La ciudad de Trujillo atraviesa una de las etapas más críticas en materia de seguridad ciudadana, marcada por una alarmante escalada de atentados con explosivos y actos de extorsión.
A tan solo días de las elecciones 2026, la capital de La Libertad se encuentra sumida en una ola de violencia donde la intimidación, el miedo y la impunidad parecen haberse instalado en la vida cotidiana de sus habitantes, tal como se evidencia en los reportes recientes de ataques con dinamita y detonaciones dirigidas contra comercios, eventos y ciudadanos.
Explosión en discoteca
Durante este año, la urbe norteña ha sido escenario de varios incidentes de gran impacto. El más reciente ocurrió el 7 de marzo, cuando una fuerte explosión en la discoteca Dalí, ubicada en el distrito de Víctor Larco Herrera, dejó al menos 33 personas heridas, incluidos menores de edad.
Según las autoridades, la detonación se produjo durante la madrugada, desatando pánico entre los asistentes y provocando una estampida. Las imágenes difundidas mostraron mesas volcadas, vidrios rotos y decenas de heridos que fueron trasladados a centros médicos locales. La Policía y Fiscalía aún investigan las causas de la explosión.
Dinamita destruye local y 25 casas
No es un caso aislado. El 9 de febrero, un atentado con dinamita destruyó completamente un local de eventos en la urbanización Chicago, dejando además 25 viviendas afectadas por la onda expansiva. Los vecinos relataron el terror vivido durante la madrugada, cuando la detonación sacudió varias cuadras y provocó daños severos en puertas, ventanas y estructuras cercanas.
La magnitud del ataque dejó claro el poder destructivo de los explosivos utilizados por las organizaciones delictivas, que han encontrado en la intimidación una herramienta para controlar distintos sectores económicos de la ciudad.
Licorerías atacadas en acciones simultáneas
La situación se agravó aún más en enero, cuando se reportaron ataques simultáneos contra licorerías en diferentes puntos de Trujillo. El 21 de ese mes, dos locales comerciales fueron blanco de explosiones coordinadas, resultando en dos personas heridas y cuantiosos daños materiales. Los propietarios afectados denunciaron recibir amenazas previas, en las que se les exigía el pago de cupos bajo amenaza de volar sus establecimientos.
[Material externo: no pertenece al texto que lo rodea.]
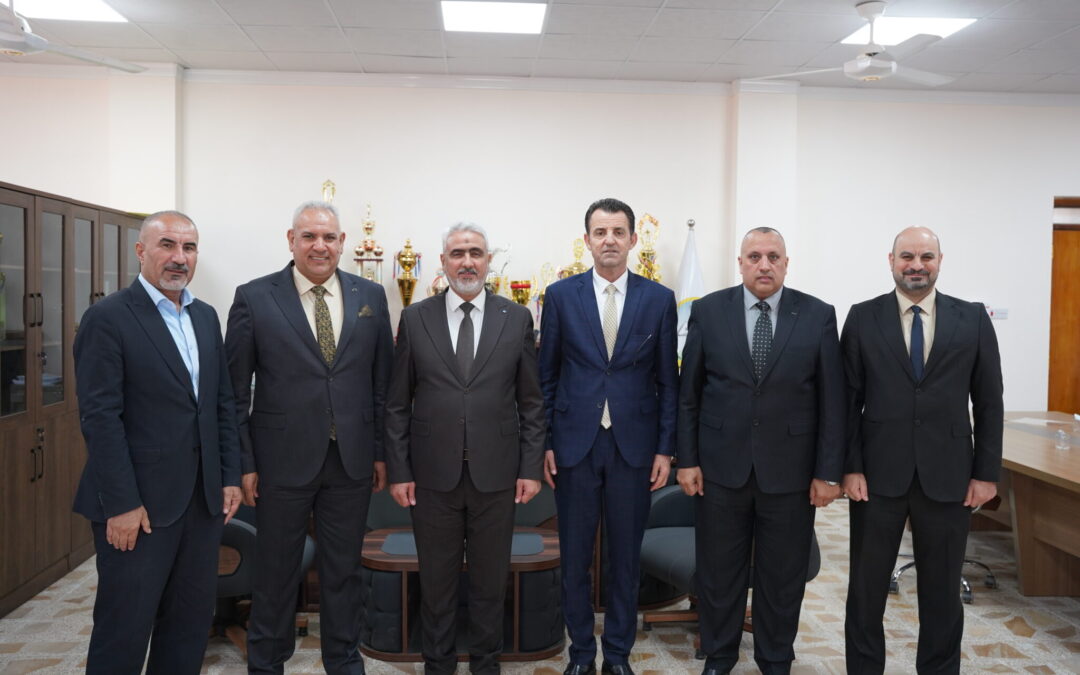 Visit of the Ministerial Committee to the College of Physical Education and Sports Sciences – University of Al-Hamdaniya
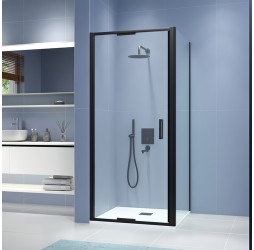 Душевой уголок RGW Stilvoll 80х70 703214587-14 черный, стекло прозрачное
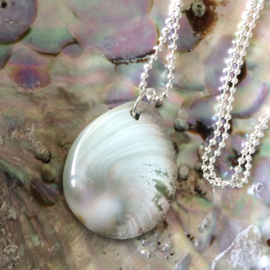 Zilveren Ketting Oog van Sint Lucia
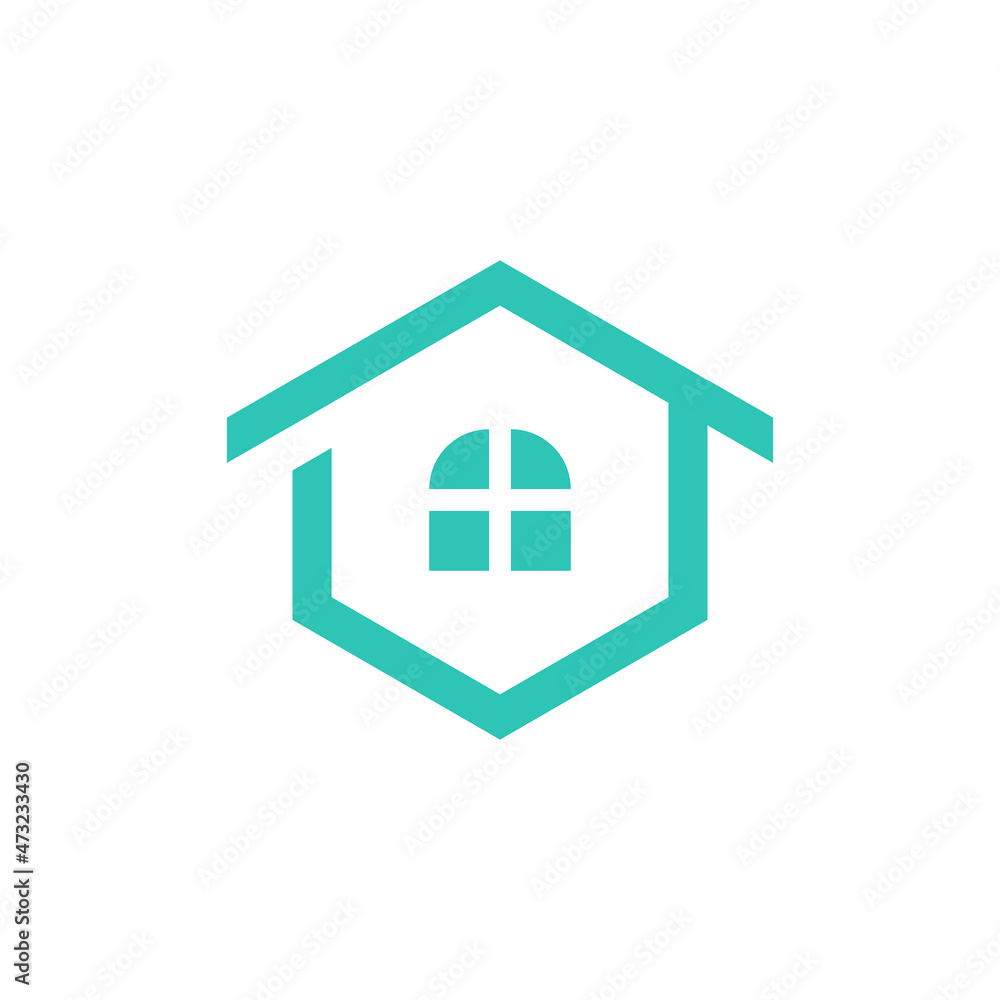 Home Cleaning Hexagonal Logo Template Design Vector Design illustration Home Cleaning Hexagonal Logo Template Design Vector Design illustration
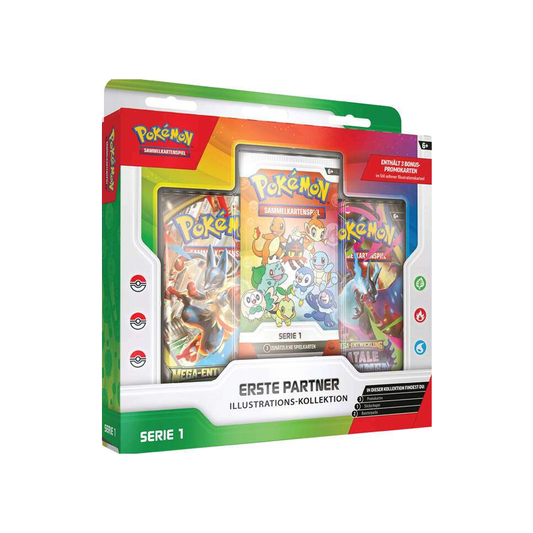 Pokémon - Erste Partner Illustrations-Kollektion: Serie 1 - Deutsch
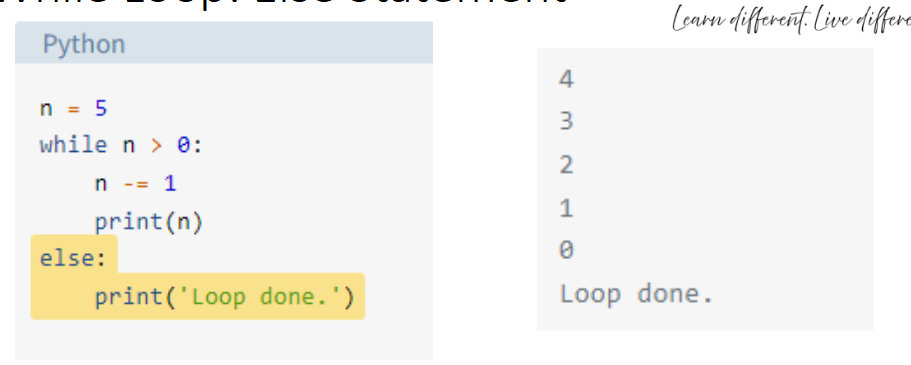 <p>ends the loop naturally</p>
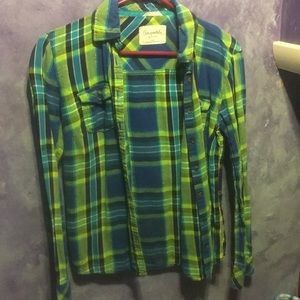 Plaid Button-Up Flannel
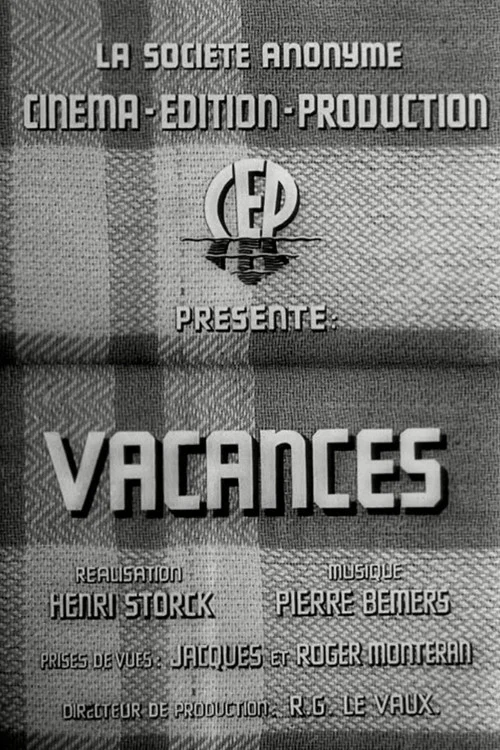 Vacances постер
Las investigaciones policiales apuntan a que estos atentados forman parte de una estrategia sistemática de extorsión, donde los criminales buscan sembrar el terror y obtener rentas ilícitas mediante el uso de explosivos.
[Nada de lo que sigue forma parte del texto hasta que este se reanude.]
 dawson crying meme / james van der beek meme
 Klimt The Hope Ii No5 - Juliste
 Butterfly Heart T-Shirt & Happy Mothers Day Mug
Atentado contra bus de Armonía 10
El sector artístico tampoco ha quedado exento de esta ola de violencia. El 19 de enero, la reconocida orquesta Armonía 10 sufrió el ataque a su bus mientras se encontraba estacionado en Trujillo. Una explosión dañó gravemente el vehículo de la agrupación, generando temor entre los músicos y dejando en evidencia el alcance de las amenazas que reciben tanto empresarios como figuras públicas.
La dirigencia del grupo señaló que, semanas antes, ya habían sido víctimas de intimidaciones por parte de extorsionadores que exigían fuertes sumas de dinero a cambio de no atentar contra sus integrantes y equipos
A medida que se acercan los comicios, los ciudadanos viven con la incertidumbre de no saber cuándo ni dónde ocurrirá el próximo atentado. La proliferación de ataques con dinamita y artefactos explosivos ha colocado a Trujillo en el centro del debate nacional sobre la crisis de seguridad. Comerciantes, empresarios y familias enfrentan a diario la amenaza de extorsión en una ciudad que, a pocos días de los comicios, parece haberse convertido en territorio sin ley.